La visita del presidente estadounidense, Donald Trump, a China y a su mandatario, Xi Jinping, ha dejado imágenes cuidadosamente medidas, pero también momentos espontáneos que revelaron la curiosa química entre ambos líderes. Entre jardines, regalos simbólicos y escenas de lo más llamativas durante el banquete oficial, la cumbre ha estado cargada de gestos que no pasaron desapercibidos.

Los jardines de la Ciudad Prohibida se abrieron de forma excepcional para recibir al líder estadounidense. Un lugar reservado y rodeado de árboles centenarios que Xi Jinping quiso mostrar personalmente a Trump durante un paseo privado.

"Tienen entre 200 y 300 años", explicó el presidente chino mientras recorrían el recinto. Pero si algo captó especialmente la atención del republicano no fueron precisamente los árboles: quedó fascinado con las rosas de los jardines imperiales. "Estas son las rosas más hermosas que alguien haya visto jamás. Le pregunté al presidente: '¿Podría conseguirme algunas para el Rose Garden?", comentó entre risas.

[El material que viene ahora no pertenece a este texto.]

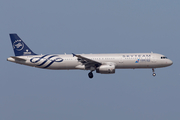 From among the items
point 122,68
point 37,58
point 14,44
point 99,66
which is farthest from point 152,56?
point 14,44

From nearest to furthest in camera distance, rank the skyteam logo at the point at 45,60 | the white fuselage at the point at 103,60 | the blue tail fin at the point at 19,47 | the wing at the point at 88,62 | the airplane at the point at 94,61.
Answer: the wing at the point at 88,62 → the airplane at the point at 94,61 → the white fuselage at the point at 103,60 → the skyteam logo at the point at 45,60 → the blue tail fin at the point at 19,47

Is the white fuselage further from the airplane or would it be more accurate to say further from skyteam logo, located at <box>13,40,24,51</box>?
skyteam logo, located at <box>13,40,24,51</box>

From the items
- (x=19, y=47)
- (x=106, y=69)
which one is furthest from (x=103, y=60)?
(x=19, y=47)

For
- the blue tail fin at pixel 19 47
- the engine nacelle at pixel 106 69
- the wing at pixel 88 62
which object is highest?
the blue tail fin at pixel 19 47

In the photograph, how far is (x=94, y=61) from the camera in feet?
155

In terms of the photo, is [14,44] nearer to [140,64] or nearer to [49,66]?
[49,66]

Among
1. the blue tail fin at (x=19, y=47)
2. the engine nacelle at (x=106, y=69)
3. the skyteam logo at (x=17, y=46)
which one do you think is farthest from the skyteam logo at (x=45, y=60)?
the engine nacelle at (x=106, y=69)

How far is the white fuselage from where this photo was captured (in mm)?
48469

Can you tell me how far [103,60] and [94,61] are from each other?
2216 millimetres

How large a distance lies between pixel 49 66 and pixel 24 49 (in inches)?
242

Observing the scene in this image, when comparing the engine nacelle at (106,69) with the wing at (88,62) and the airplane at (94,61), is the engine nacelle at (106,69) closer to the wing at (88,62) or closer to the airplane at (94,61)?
the airplane at (94,61)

El gesto tuvo respuesta inmediata. Xi Jinping terminó regalándole semillas de rosas chinas como símbolo de amistad entre ambos países. Durante el recorrido también se produjo uno de los momentos más comentados de la visita.

Trump, rompiendo el tono solemne del paseo, lanzó una pregunta tan directa como indiscreta: "¿Puedo preguntarle al presidente si a otros presidentes o primeros ministros los trae aquí?", preguntó. Xi respondió con sinceridad: "Muy rara vez. Al principio, no solíamos celebrar eventos diplomáticos aquí. Incluso después de que empezáramos a celebrar algunos, sigue siendo extremadamente raro. Por ejemplo, Putin ha estado aquí".

"Bien, me gusta", respondió satisfecho el estadounidense.Pero las escenas llamativas no terminaron ahí y es que durante el banquete oficial, el presidente pidió retirar el cojín de su silla, quedando visiblemente más bajo que Xi Jinping durante parte de la cena.

Y mientras avanzaba el encuentro diplomático, otro foco de atención se trasladó a Elon Musk. El magnate tecnológico recibió una inesperada visita del CEO de Xiaomi, que no dejó pasar la oportunidad de acercarse a él y hacerse un selfie. Poco después también se aproximó Tim Cook, CEO de Apple, para inmortalizar el momento con otra fotografía. Mientras Cook posaba con formalidad, Musk permanecía sentado haciendo algunas de sus ya habituales muecas ante las cámaras.

"Espero que se vayan muy impresionados como yo lo estoy con China", aseguró Trump antes de despedirse. Su sonrisa y el pulgar hacia arriba terminaron resumiendo el tono de toda la visita.